Esarhaddon (681- 669 BC) was even more boastful when he said, “I am powerful, I am all powerful, I am a hero, I am gigantic, I am colossal, I am honored, I am magnified, I am without equal among all kings, the chosen one of Asshur, Nabu, and Marduk.”
Ashurbanipal II (669-626 BC) described his treatment of a captured leader in these words, “I pierced his chin with my keen hand dagger. Through his jaw . . . I passed a rope, put a dog chain upon him and made him occupy a kennel.” In his campaign against Egypt, Ashurbanipal also boasted that his officials hung Egyptian corpses “on stakes and stripped off their skins and covered the city wall with them.” No wonder Nahum called Nineveh the city of blood (Nahum 3:1), a city noted for its cruelty (Nahum 3:19). Ashurbanipal was egotistical, saying, “I am Ashurbanipal, the great [king], the mighty king, king of the universe, king of Assyria, the great gods . . . magnify my name, they made my rule powerful.”
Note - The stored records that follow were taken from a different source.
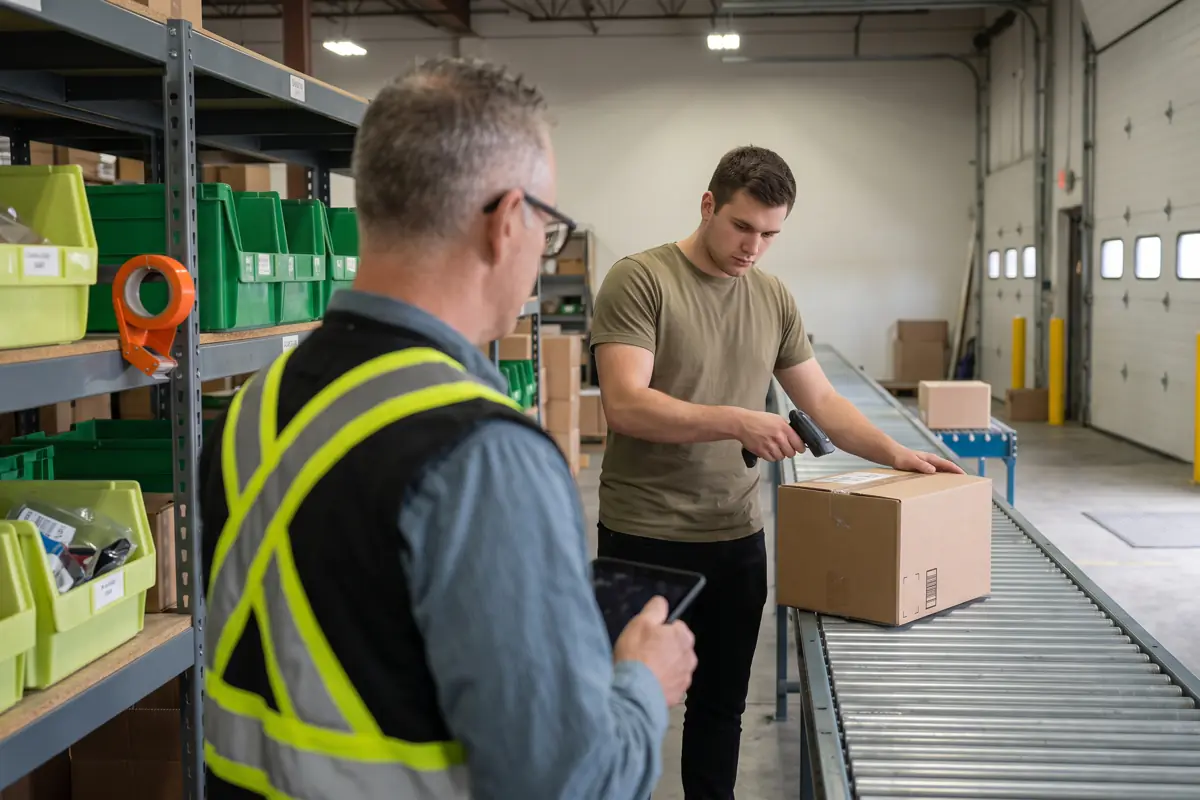 François Paradis, of FP Service, watches an employee scan a box on a warehouse shipping conveyor.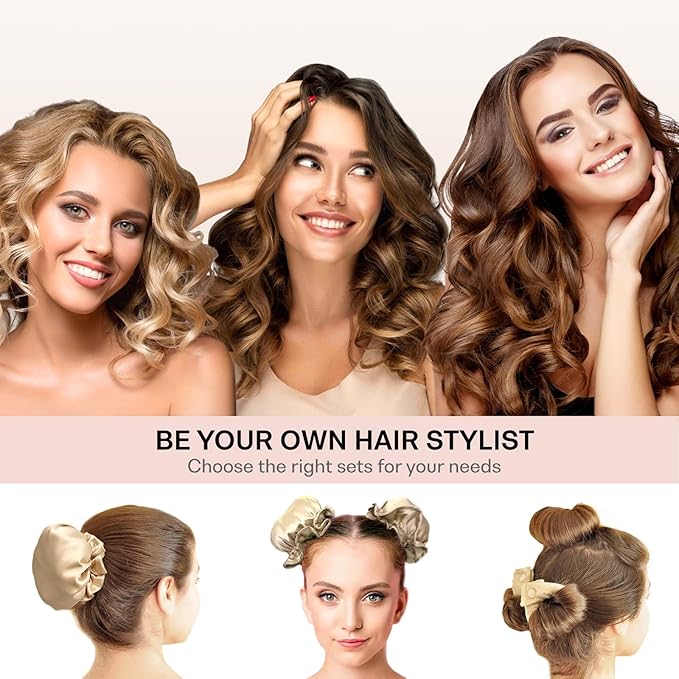 Satin Heatless Hair Curler 3Sets/6PCS, Soft Heatless Curling Rod Headband for All Hair Types (D-3Sets-Light Purple)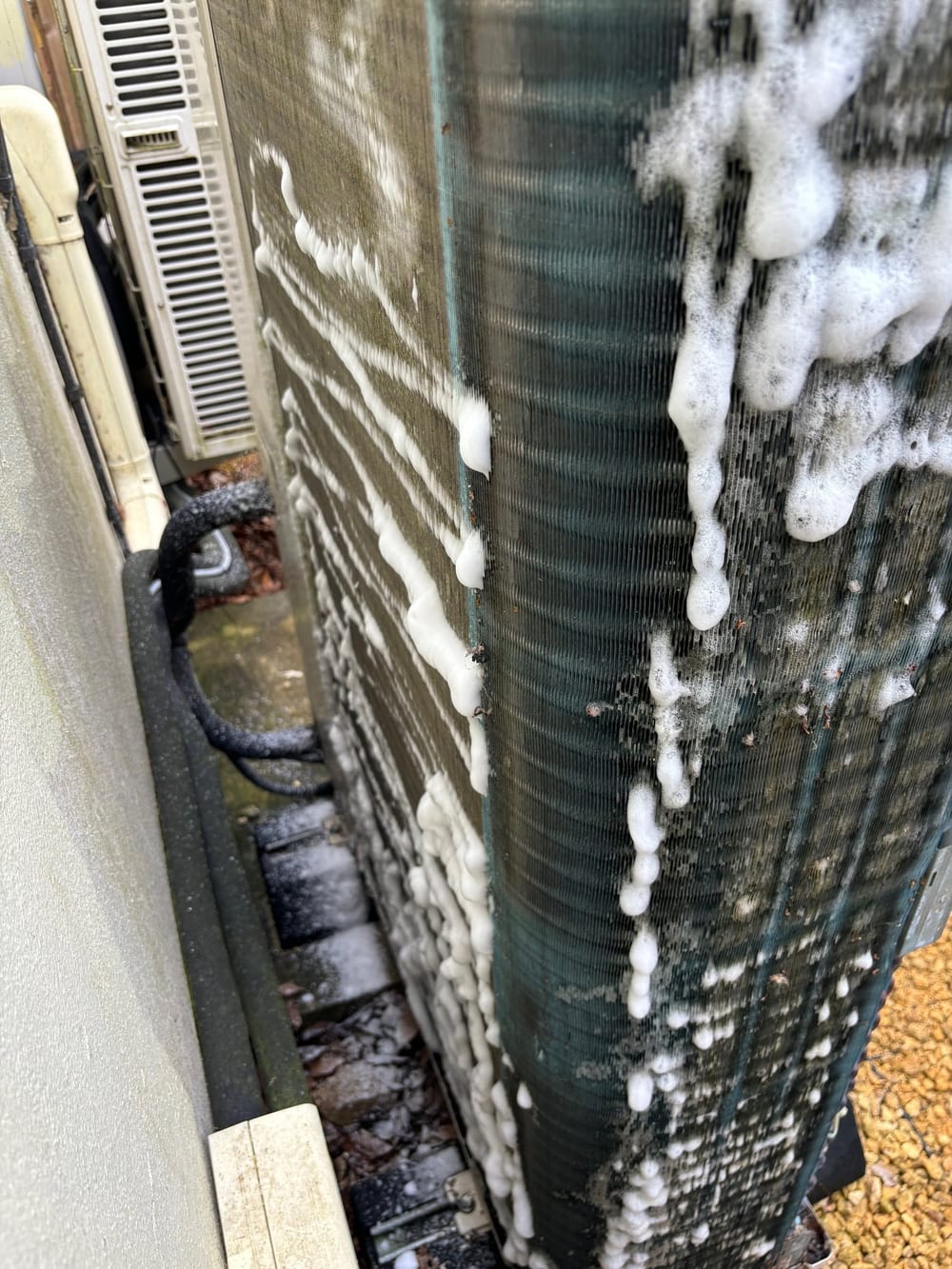 Heat pump coil during professional cleaning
The city was also known for its gross idolatry. It had temples dedicated to the gods Nabu and Adad, and the Ninevites worshiped Ishtar, the goddess of love and war. The religion of Assyria was Babylonian in origin but in Assyria the national god was Assur, whose high priest and representative was the king.
After Jonah’s day, Nineveh became the capital of the Assyrian empire under Sennacherib (705-681 BC), the successor of Sargon II (722-705 BC) who destroyed the northern kingdom of Isra’el. It soon became the most powerful city in the ancient Near East. But the Assyrians had become relentless and persistent in their sins. The city of Nineveh fell to the Babylonians, Medes, and Scythians in August of 612 BC.23
We all have things we want to accomplish in our lives – our life goals. But sometimes life gets in the way. My wife had worked many, many years as a nurse with a Bachelors of Science degree. One of her life goals was to earn a Masters of Science degree. Near the end of her nursing career she was enrolled in a Masters program and was at the top of her class (she is ten times smarter than I am). For a variety of health and financial reasons, she needed to complete her degree within that certain window of opportunity. But her mother became very ill and she had to seek the Lord for a decision to either finish her Masters program or take care of her mother. Unlike Jonah, she obeyed the Lord and took care of her mother. But her life was interrupted, and humanly speaking she felt frustrated.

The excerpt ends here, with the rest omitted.